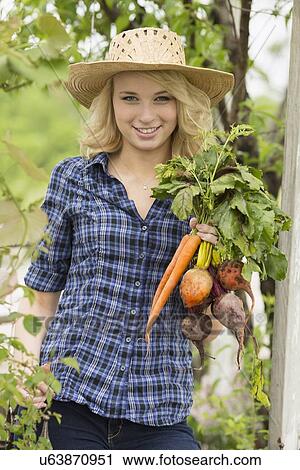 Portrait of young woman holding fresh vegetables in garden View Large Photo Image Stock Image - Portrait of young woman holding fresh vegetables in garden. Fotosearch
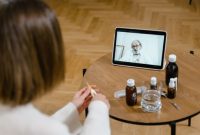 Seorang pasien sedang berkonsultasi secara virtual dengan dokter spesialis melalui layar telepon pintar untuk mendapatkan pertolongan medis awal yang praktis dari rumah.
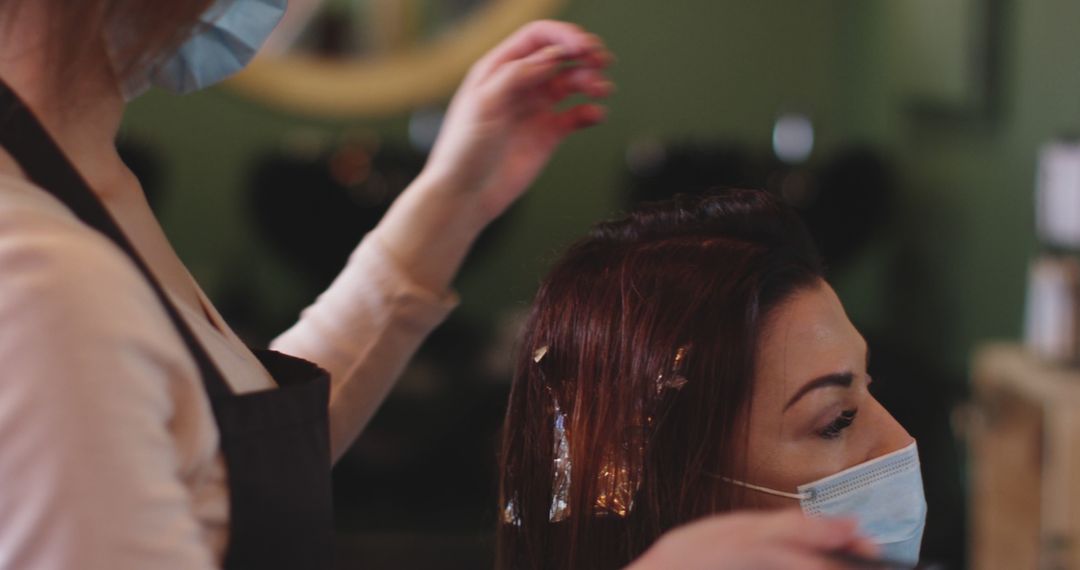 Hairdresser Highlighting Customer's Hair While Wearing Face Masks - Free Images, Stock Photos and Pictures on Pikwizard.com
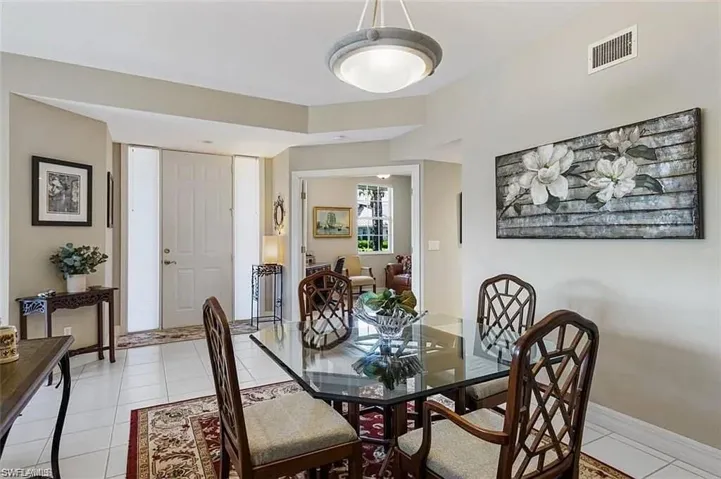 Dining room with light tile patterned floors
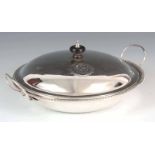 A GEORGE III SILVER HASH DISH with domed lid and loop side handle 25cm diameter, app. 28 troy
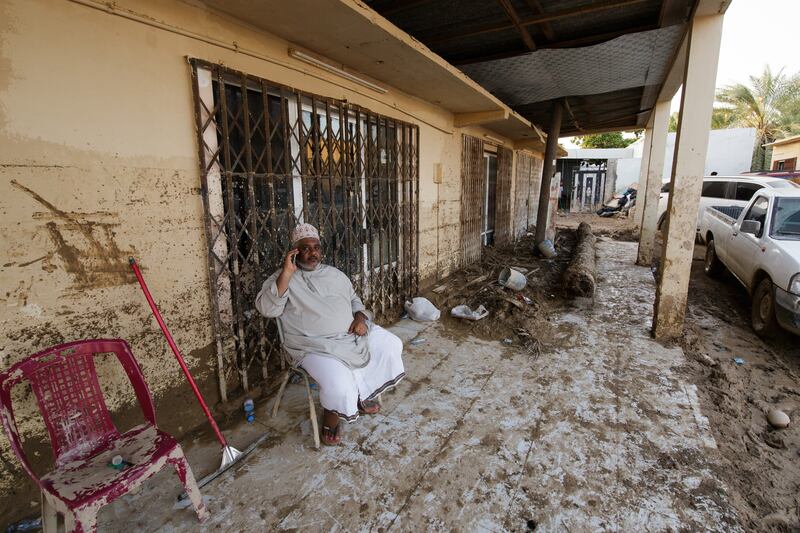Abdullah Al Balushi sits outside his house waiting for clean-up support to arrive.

———

YOUR GOAL:
Be exact. Write out all the entries and omit the pictures.

EXERCISE SOLUTION:
 Portrait of young woman holding fresh vegetables in garden View Large Photo Image Stock Image - Portrait of young woman holding fresh vegetables in garden. Fotosearch
 Seorang pasien sedang berkonsultasi secara virtual dengan dokter spesialis melalui layar telepon pintar untuk mendapatkan pertolongan medis awal yang praktis dari rumah.
 Hairdresser Highlighting Customer's Hair While Wearing Face Masks - Free Images, Stock Photos and Pictures on Pikwizard.com
 Dining room with light tile patterned floors
 A GEORGE III SILVER HASH DISH with domed lid and loop side handle 25cm diameter, app. 28 troy
Abdullah Al Balushi sits outside his house waiting for clean-up support to arrive.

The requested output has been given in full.